■ What you should do ■
Omit all pictures. Quote the lines from the one with "Bingöl’de uyuşturucu operasyonu: 3 gözaltı" through the end of the listing below, exactly as they appear.

■ Collected data ■
------------

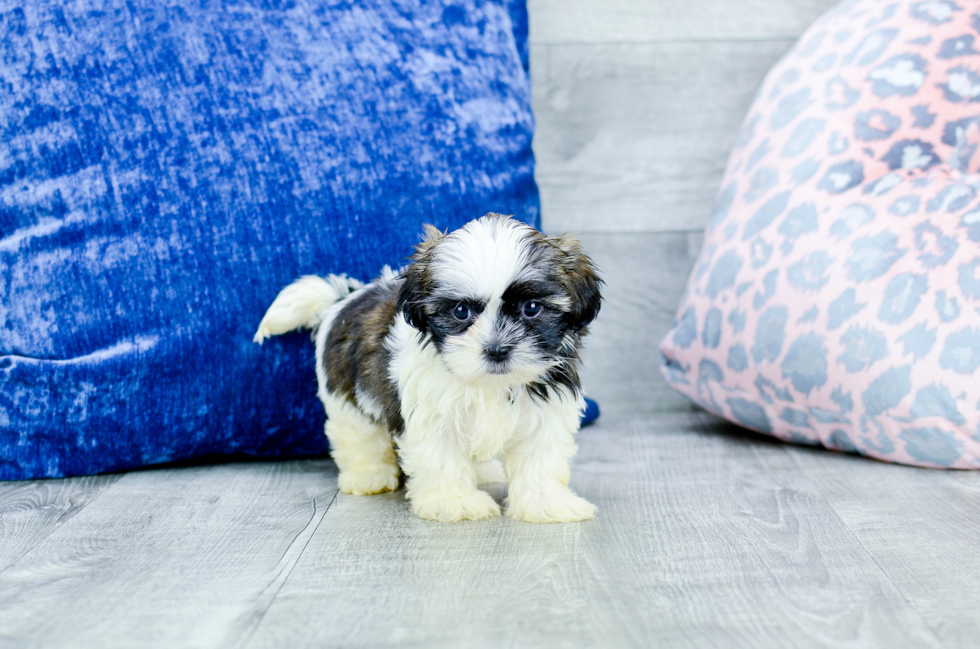 Meet Olivia - our Shih Tzu Puppy Photo 2/4 - Florida Fur Babies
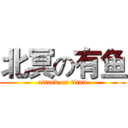 北冥の有鱼 (attack on titan)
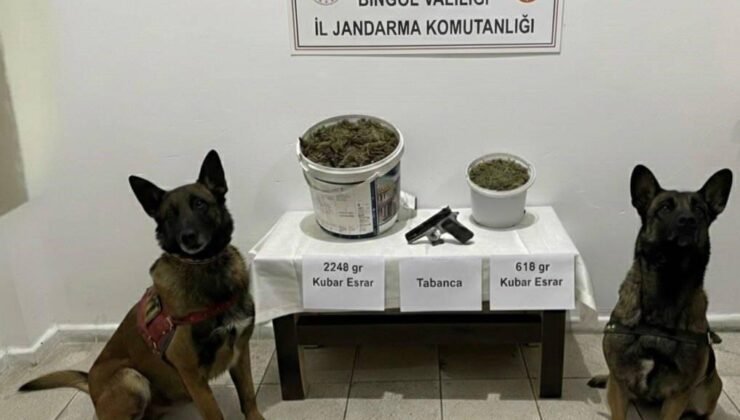 Bingöl’de uyuşturucu operasyonu: 3 gözaltı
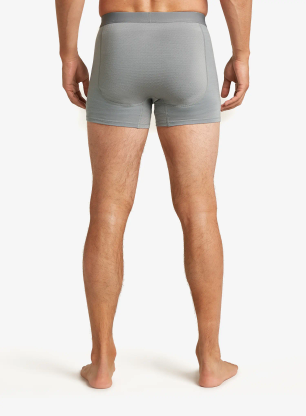 Boksarice Icebreaker Merino 125 ZoneKnit Boxers - alloy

------------

■ Solution for this exercise ■
 Bingöl’de uyuşturucu operasyonu: 3 gözaltı
 Boksarice Icebreaker Merino 125 ZoneKnit Boxers - alloy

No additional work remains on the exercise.